Angesichts der Schwere der Tat, die laut den Sachverständigen nur aus Glück und Zufall nicht mit Toten endete, sei eine Bewährungsstrafe nicht infrage gekommen. Dennoch stand für die Kammer nach der Beweisaufnahme fest, dass Melvin S. zwar bei klarem Verstand, aber „aufgeregt und überfordert“ gewesen sei. Er habe, wenn auch mit einem überzogenen Mitteln, seinem Freund helfen wollen, den er als Opfer eines Angriffs der linken Demonstrierenden sah.

Mit „Reichsbrause“ zur AfD-Veranstaltung

An jenem Oktobertag im Jahr 2020 trat der damalige Bundessprecher der AfD, Jörg Meuthen, im Bürgerhaus von Henstedt-Ulzburg auf. Melvin S. und drei Freunde – die in einer Whatsapp-Gruppe mit dem Titel „Ortskontrollfahrt“ chatteten – trafen sich dort, um „Zecken zu glotzen“. S. trug Springerstiefel, ein anderer einen Lonsdale-Pullover, S. ließ sich fotografieren, wie er „Reichsbrause“ trank, auf der Flasche sind Wehrmachtssoldaten abgebildet.

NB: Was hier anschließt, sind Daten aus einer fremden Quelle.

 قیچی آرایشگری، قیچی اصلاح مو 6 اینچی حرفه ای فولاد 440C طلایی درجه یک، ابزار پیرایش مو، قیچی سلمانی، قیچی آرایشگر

Eine Frau forderte sie auf, die Demo zu verlassen, was sie taten. In einer Nebenstraße fühlte sich die Gruppe von Personen in dunkler Kleidung verfolgt. Melvin S. und zwei weitere stiegen in den Pick-up, der vierte ging zu seinem Wagen. Dort – für die Kammer ist das gesichert – versetzte ein Unbekannter ihm einen Schlag ins Gesicht. Melvin S. startete daraufhin seinen Wagen und fuhr auf den Gehweg.

Dass das kein normaler Verkehrsunfall gewesen sei, gestand sogar der Verteidigern von Melvin S., Jens Hummel, in seinem Plädoyer zu. Doch einen Anschlag, eine rassistische oder terroristische Gesinnung sei nicht zu erkennen, so Hummel. Rechte Symbole und Bilder auf dem Handy von S. oder in seinem Zimmer seien kein Anzeichen eines rechten Weltbildes, sondern „Teil eines jugendlichen Findungsprozesses“.

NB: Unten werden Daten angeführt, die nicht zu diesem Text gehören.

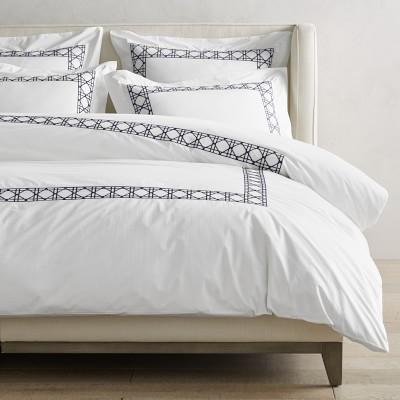 Chambers® Cane Embroidery Duvet Cover, Full/Queen, Navy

Ganz anders sahen es die Anwälte der Nebenklagenden. Alexander Hoffmann wies in seinem Plädoyer auch auf die Rolle von Polizei und Justiz hin: „Stellen Sie sich vor, ein Mann mit Migrationshintergrund hätte ein Auto in AfD-Anhänger gelenkt oder ein Mann im schwarzen Kapuzenpulli in eine Gruppe Neo-Nazis.

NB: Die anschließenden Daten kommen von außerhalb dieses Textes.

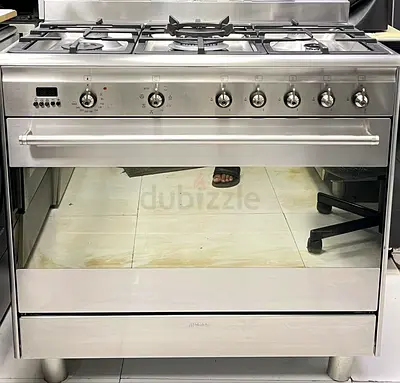 SMEG latest model 5 burner top gass oven electric dual fan cooking range 90x60 stove sliver colur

Belastungen für die Opfer bleiben

Das hätte bundesweite Schlagzeilen gegeben, und noch am selben Abend wäre der Verfassungsschutz da gewesen und der Täter in U-Haft.“ Melvin S. dagegen war nach kurzer Vernehmung nach Hause geschickt worden, die Polizei hatte anfangs in einer Pressemitteilung von einem Verkehrsunfall gesprochen.

An S.’ Entschuldigungen und die Notwehr-These glaubt auch der zweite Nebenklage-Vertreter Anwalt Björn Elberling nicht: „Spätestens nach den ersten zwei Zusammenstößen war er weit weg von seinem Freund, den er angeblich beschützen wollte. Es gab keinen Grund, hinter der dritten Betroffenen herzufahren.“ Melvin S. habe sich dazu aus einer gefestigten rechten Gesinnung heraus selbst aufgeputscht, sich eine Gefahr für die „weiße Rasse“ eingeredet und so die „Tötungshemmung herabgesetzt“.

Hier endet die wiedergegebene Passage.